Some of you probably remember my Arnie story. Some of you probably haven't. I figure this is an appropriate time to recount it once more.
Back in 2000, the Senior US Open came to Saucon Valley, a nearby country club. It was a Friday and I had nothing going on, so I decided to go over and watch some of the action.
I followed a few groups for a few hours, got thirsty and was walking to a vending tent to buy a bottle of water. On my way, the one and only Roger Maltbie from NBC is walking straight toward me. His headset was draped around his neck, he was chugging a bottle of water. I just smiled at him as he got closer, and said, "You guys do a great job, keep up the great work!" He looked at me dead in the eyes, said nothing, kept walking, not even acknowledging the compliment. Wow... Raj must've had a tough night. Whatever...
So long story short, I finally caught up with the group Arnie was in. There was no way I could squeeze myself into the crowded gallery around the tee box. so I hoofed it down to the fairway in hopes of maybe being in a good spot to see him hit his approach to the green. Next thing I know - a ball comes whizzing right over my head and clambers around in the tree, falling no further than 15 feet away from me. It was Arnie's tee shot that almost took my head off! LOL...

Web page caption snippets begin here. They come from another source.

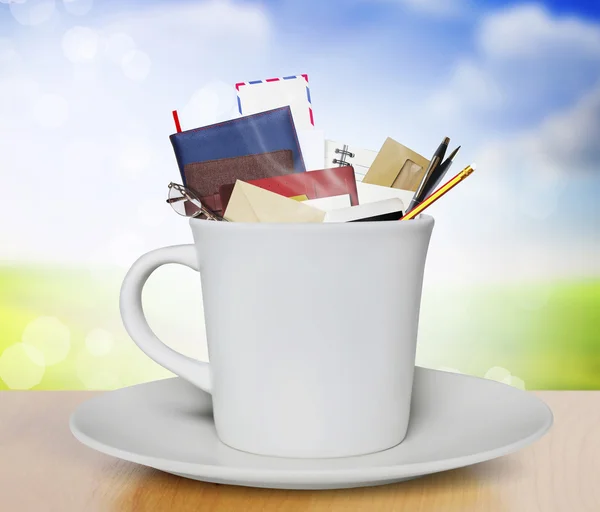Книги і чашка кави — стокове фото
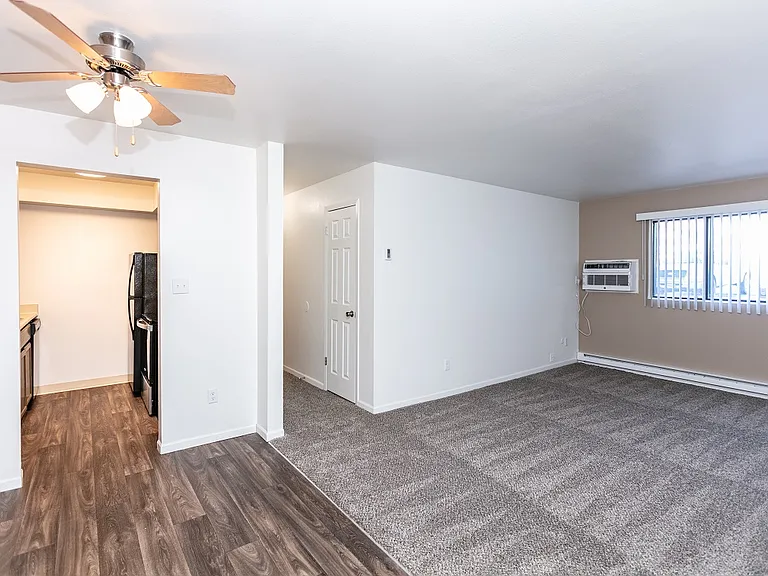 Foxhill Apartments — Photo 76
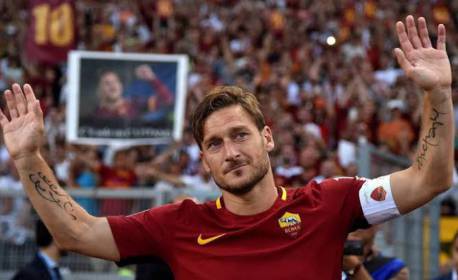 Totti revela sondagens e não descarta retorno aos gramados: 'Nunca diga nunca'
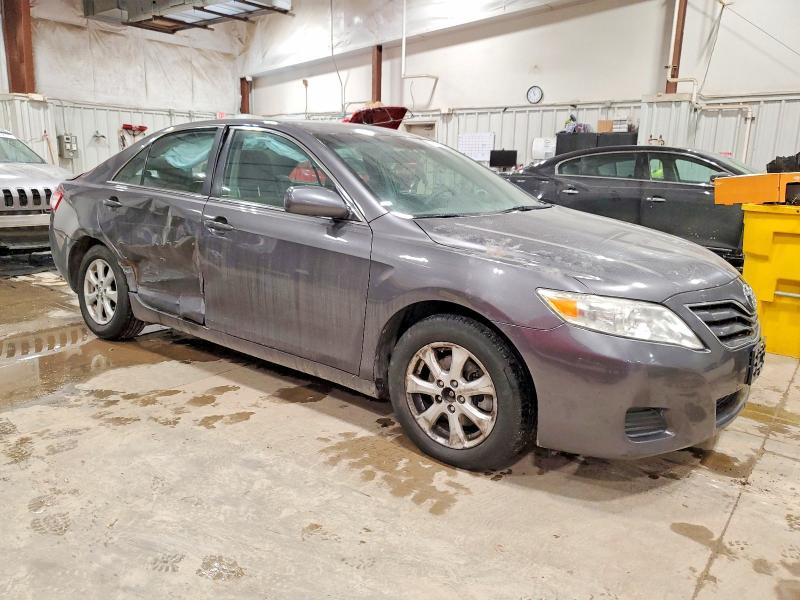 2011 Toyota Camry le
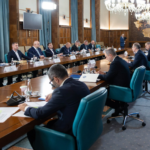 Guvernul a dat undă verde controversatei mese de protocol pentru 1.000 de persoane, pe care Bolojan a refuzat să o adopte. Recepția, legată de candidatura României la UIT
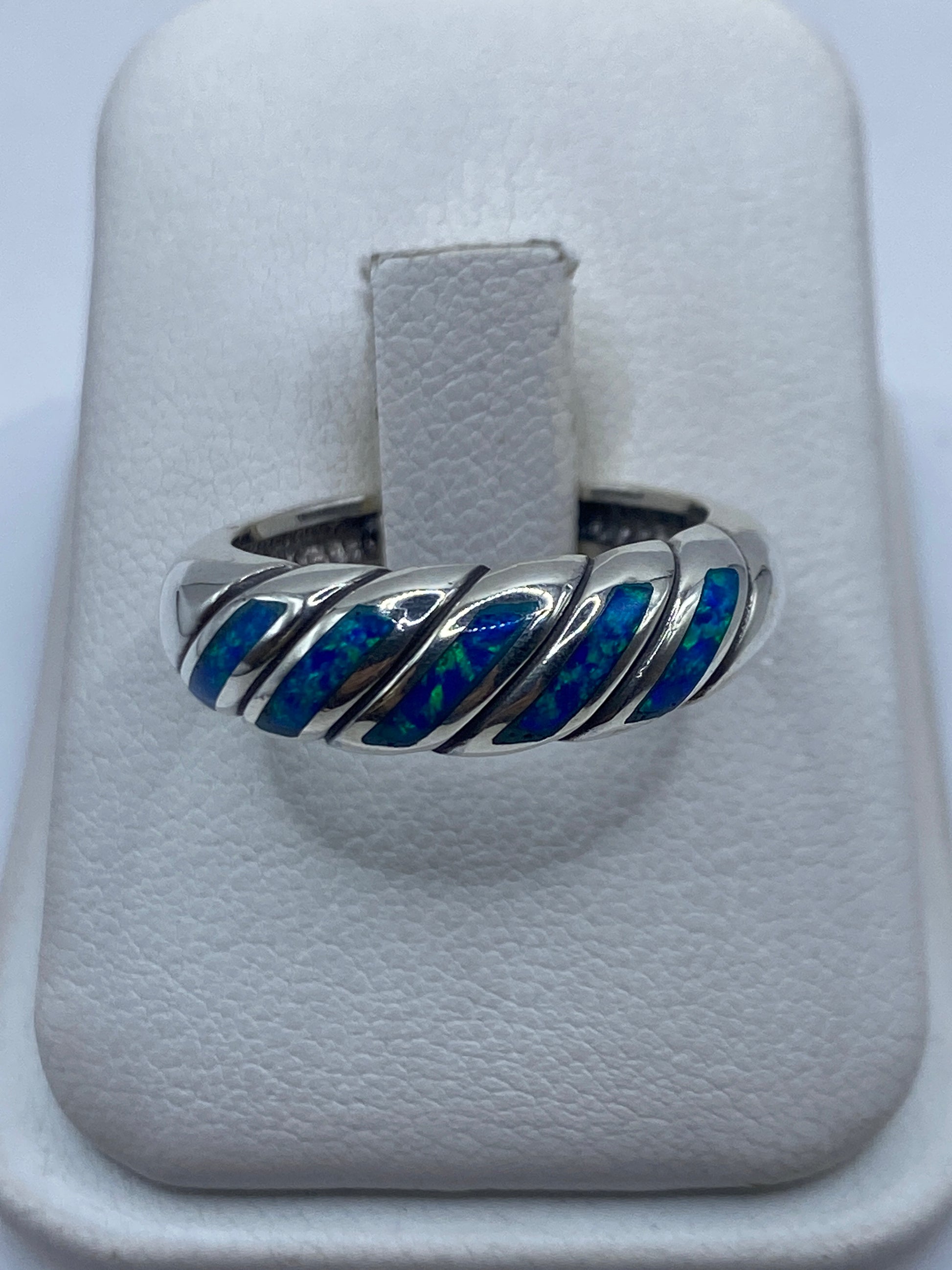 Anillo de plata .950 con ópalo de fuego azul en estuche blanco, vista superior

About 3 minutes later, here Arnie comes, walking about 30 seconds behind his caddie. They finally get to the ball, and by this time there's easily 75 people standing to my left and right. I'm like right there, dead-center, about 15 feet away. It's a horrible lie, deep rough, and another huge tree about 30 yards ahead blocking his shot to the green. He's basically stymied. But he fetches a club out of his bag, takes a few practice swings. I tell ya - the guy had these huge hands... and when he wrapped them around the grip of the club - it was like watching a world-class pianist touching the ivories on the piano... so eloquent, so comfortable. I'll never forget that image. His grip looked so natural and so perfect.

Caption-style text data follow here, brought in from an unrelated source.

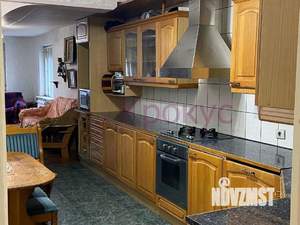 4-к квартира, вторичка, 140м2, 3/9 этаж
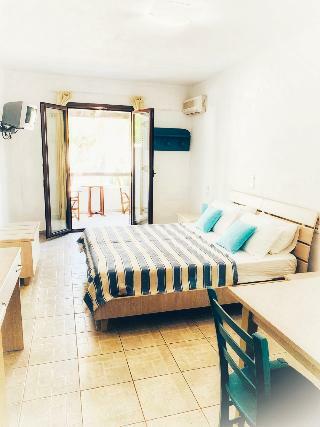 Alypiako Traditional Apartments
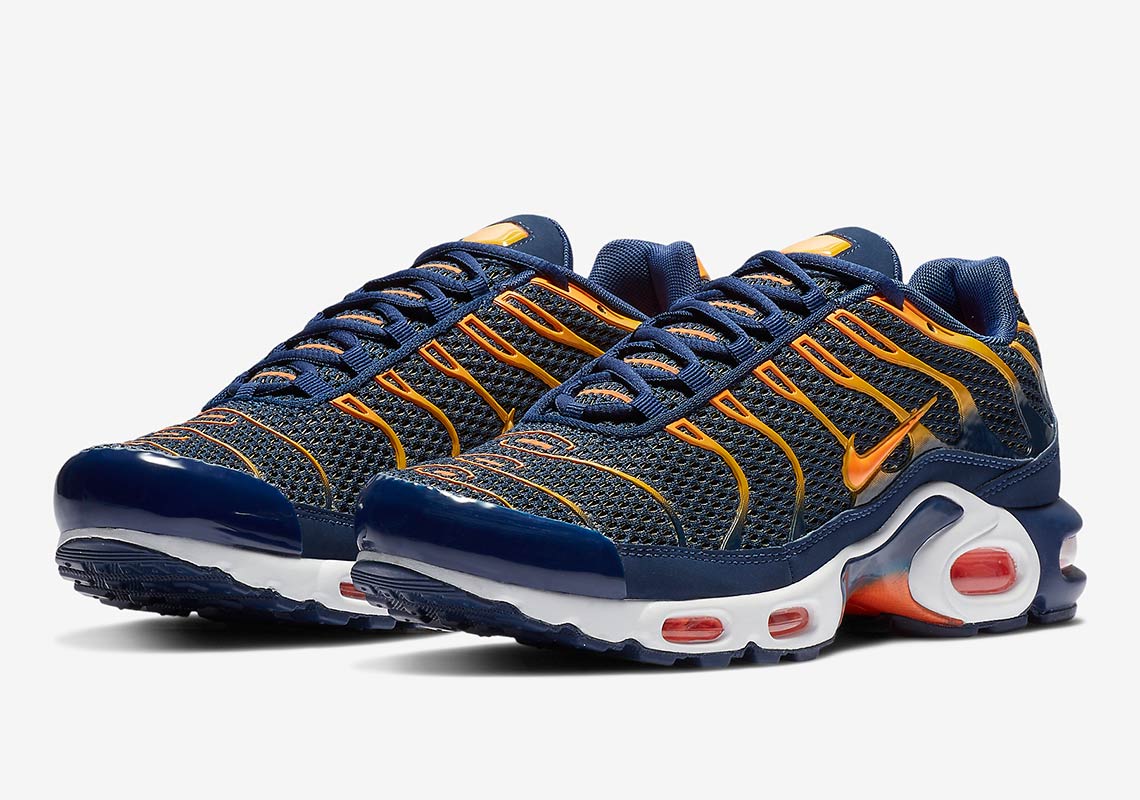 The Nike Air Max Plus Arrives In "Blue Void"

Anyway... Arnie is surveying the situation, talks with his caddie for a second or two, switches clubs, takes a few practice swings, does a little more surveying. And then he addresses the ball. And then he backed off the ball, switched clubs again. And then he looked straight at me. I mean he was looking dead at me. And for a brief second I thought, oh shit - I've inadvertently distracted him or something. But nah, it wasn't anything like that. He cast this great big ol grin on his face, looking dead at me, and jokingly says (to me! of all people!), "Young fella, what might you do in this situation?" The gallery laughed, and without missing a beat, I replied, "Mr. Palmer - with all these people watching me - I've no doubt that I'd whiff that shot!" Arnie started laughing so hard that his shoulders were shrugging, smiling from ear to ear, the gallery was laughing, it was just such a neat moment. Then Arnie says, still smiling, "Well... that's not the image I was hoping for, but at least you're honest!" And, of course, the gallery bursts out in laughter once again.
So on the drive home that evening, I couldn't help but think of the two contrasting situations I encountered that day. The first was with a former tour pro turned network analyst, whose accomplishments and contributions to the game might form two complete sentences at best in the annals of the game... who for whatever reason refused to acknowledge a kind compliment that was paid to him.

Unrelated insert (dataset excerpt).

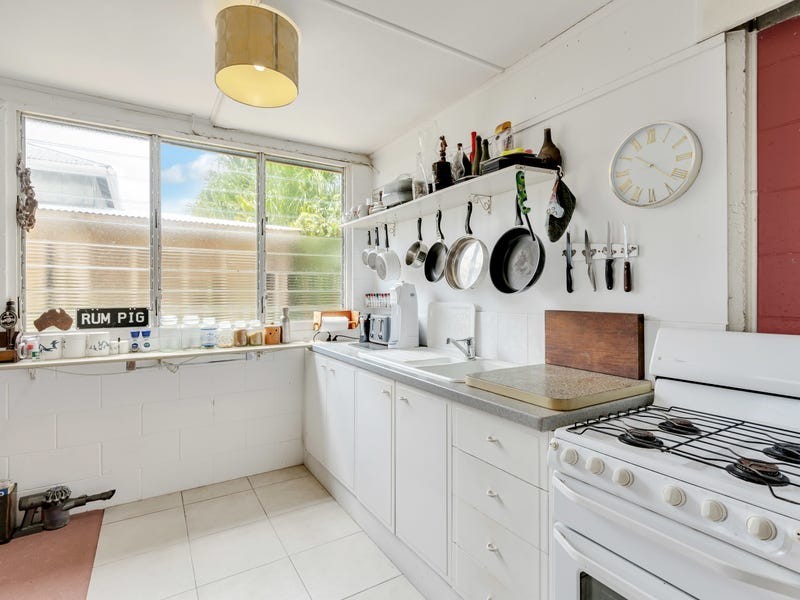 189 O’Shea Esplanade, Machans Beach QLD 4878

And then there was Arnold Palmer... 7-time major champion, 62 victories, championed the movement to have the game televised, all of the stories, all of the legend and lore, the greatest ambassador the game has ever known - took 30 seconds out of his life to acknowledge little ol me. You have any idea how special that made me feel that day? How that memory will never leave me, that for 30 seconds of my life - I was part of Arnie's life?
Arnie shot 82 that day. He was playing poorly, knew he wasn't going to make the cut, had every reason to be upset and disappointed, yet never let that stop him from being who he was.
This is a sad day for golf. This is a sad day for me personally. I truly admired the guy, and although he's no longer with us - his memory will be with those of us who appreciate what he meant to the game forever.